- What is being asked -
Repeat the data below in full. Pictures must not be part of the copy.
:: Records for processing
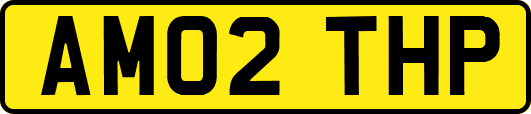 AM02THP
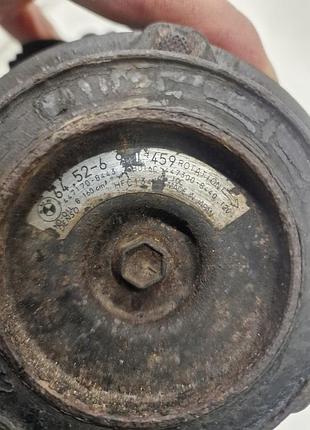 Компресор кондиціонера bmw e38 e39 e46 2.0d 3.0d 4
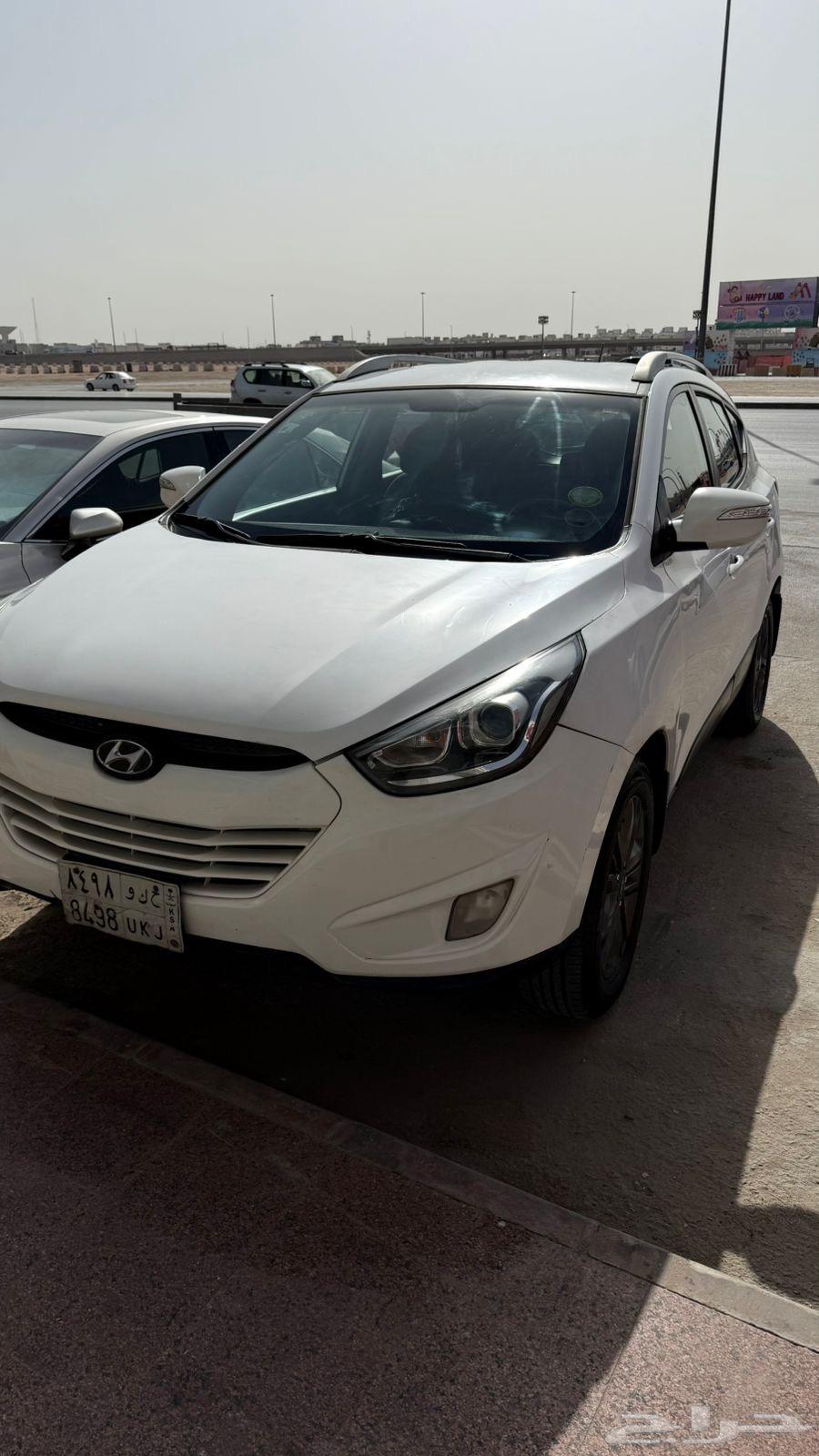 Tousan 201564418553164289111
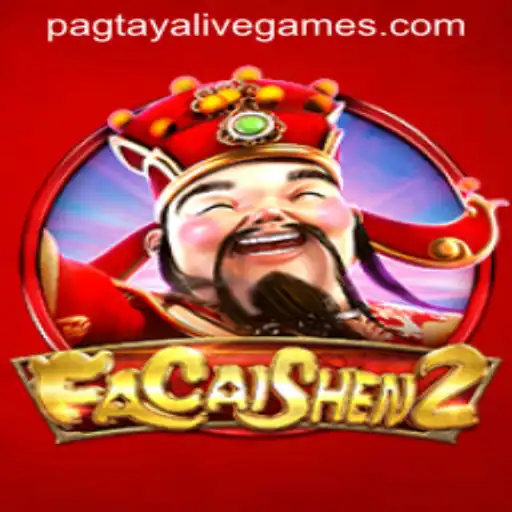 Exploring FaCaiShen2: A Contemporary Gaming Phenomenon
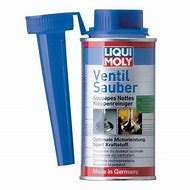 Image result for Liqui Moly Valve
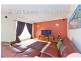 24 Gladebourne Crescent, Victoria Point QLD 4165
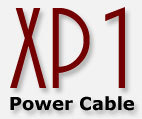 The Ultimate USB Rechargeable Battery Backup Cable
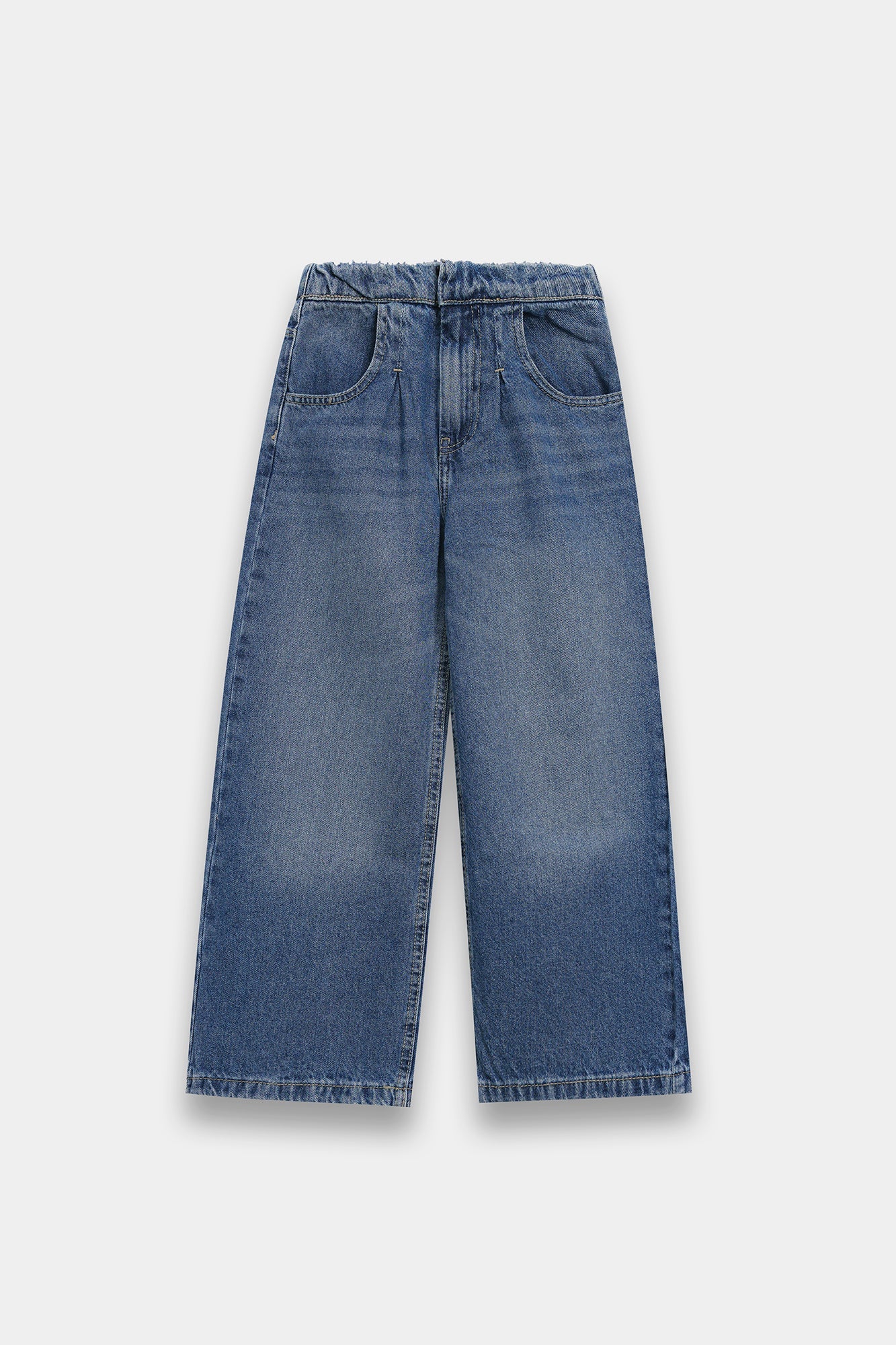 https://cdn.shopify.com/s/files/1/2290/7917/files/E2169-401-622_1.jpg?v=1776428010
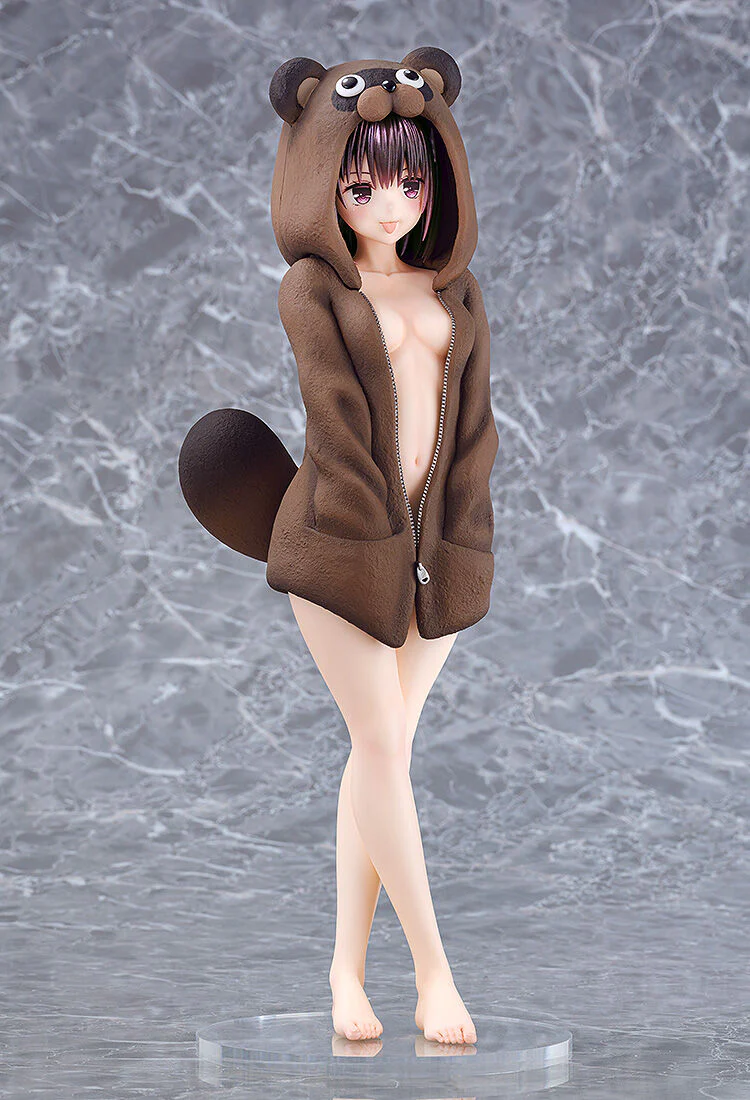 Kanade Suzu Ayakashi Triangle Phat! - Image 4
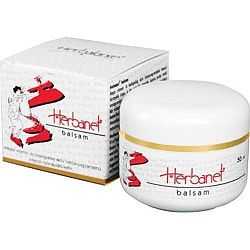 Herbanet balzsam 50 ml 50 ml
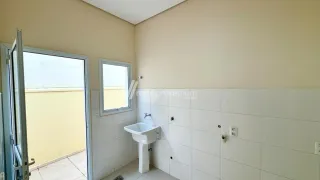 Casa de Condomínio com 4 Quartos para venda ou aluguel, 264m² no Swiss Park, Campinas - Foto 29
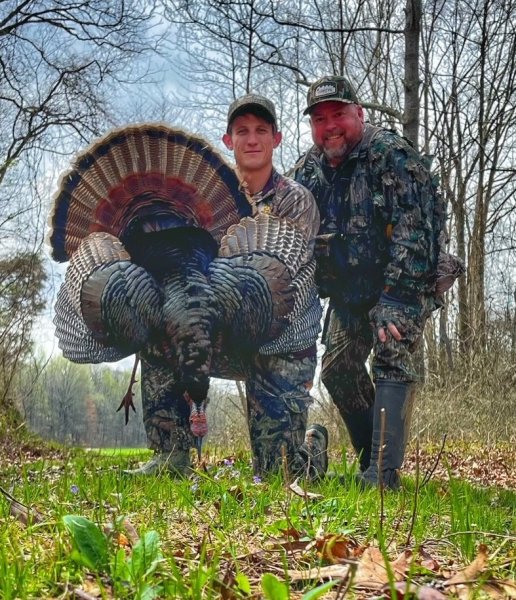 Jeff Jackson and Kyle 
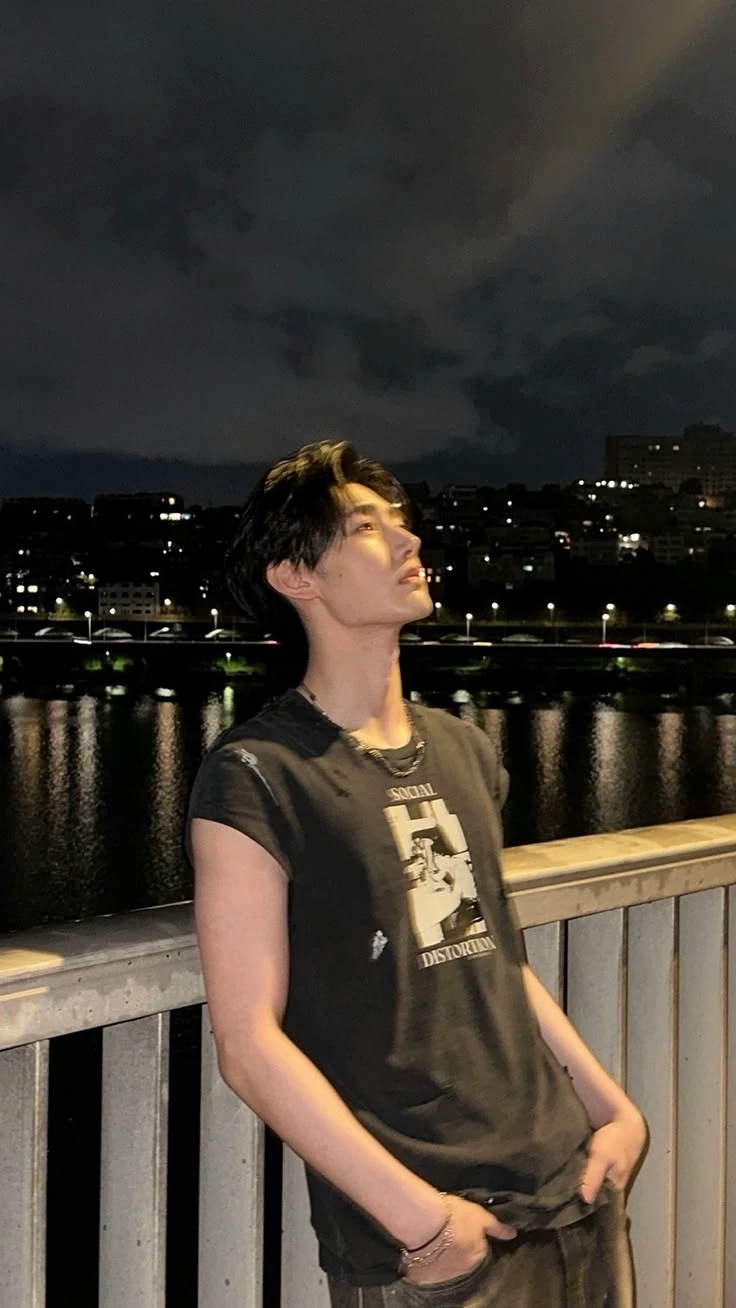 Park Sunghoon thumbnail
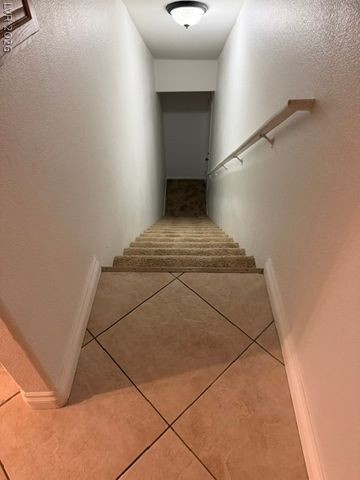 3676 Renovah Street 205, Las Vegas, NV 89129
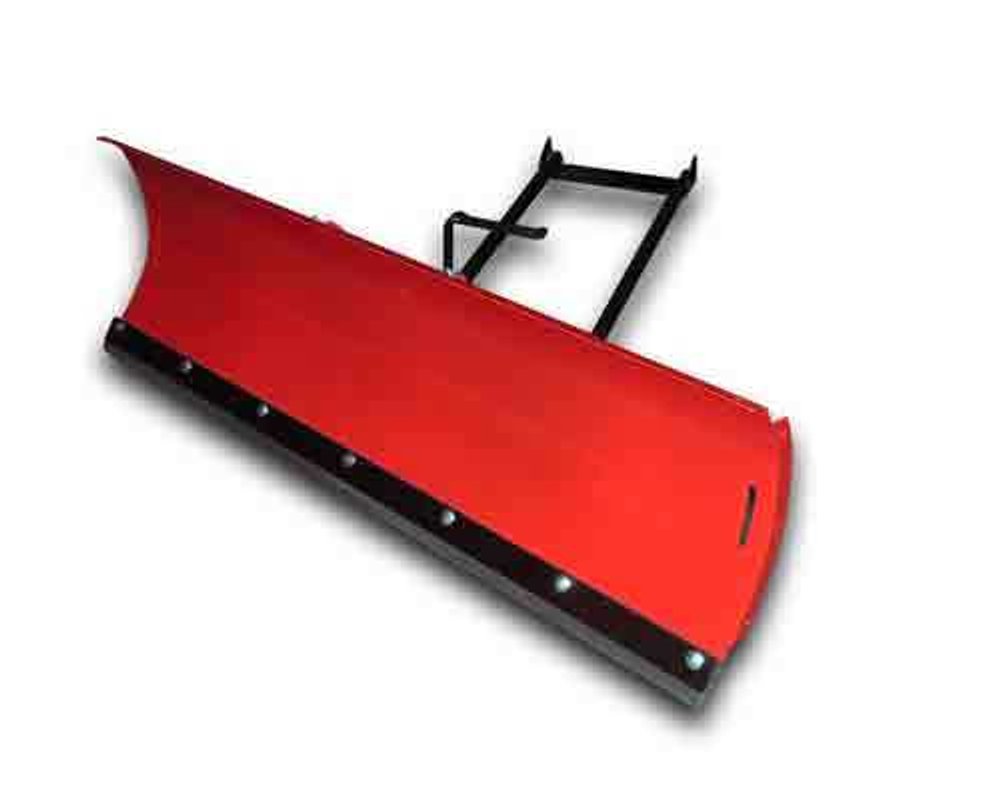 Отвал для снега 150 см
::::
- Answer to the exercise -
 AM02THP
 Компресор кондиціонера bmw e38 e39 e46 2.0d 3.0d 4
 Tousan 201564418553164289111
 Exploring FaCaiShen2: A Contemporary Gaming Phenomenon
 Image result for Liqui Moly Valve
 24 Gladebourne Crescent, Victoria Point QLD 4165
 The Ultimate USB Rechargeable Battery Backup Cable
 https://cdn.shopify.com/s/files/1/2290/7917/files/E2169-401-622_1.jpg?v=1776428010
 Kanade Suzu Ayakashi Triangle Phat! - Image 4
 Herbanet balzsam 50 ml 50 ml
 Casa de Condomínio com 4 Quartos para venda ou aluguel, 264m² no Swiss Park, Campinas - Foto 29
 Jeff Jackson and Kyle 
 Park Sunghoon thumbnail
 3676 Renovah Street 205, Las Vegas, NV 89129
 Отвал для снега 150 см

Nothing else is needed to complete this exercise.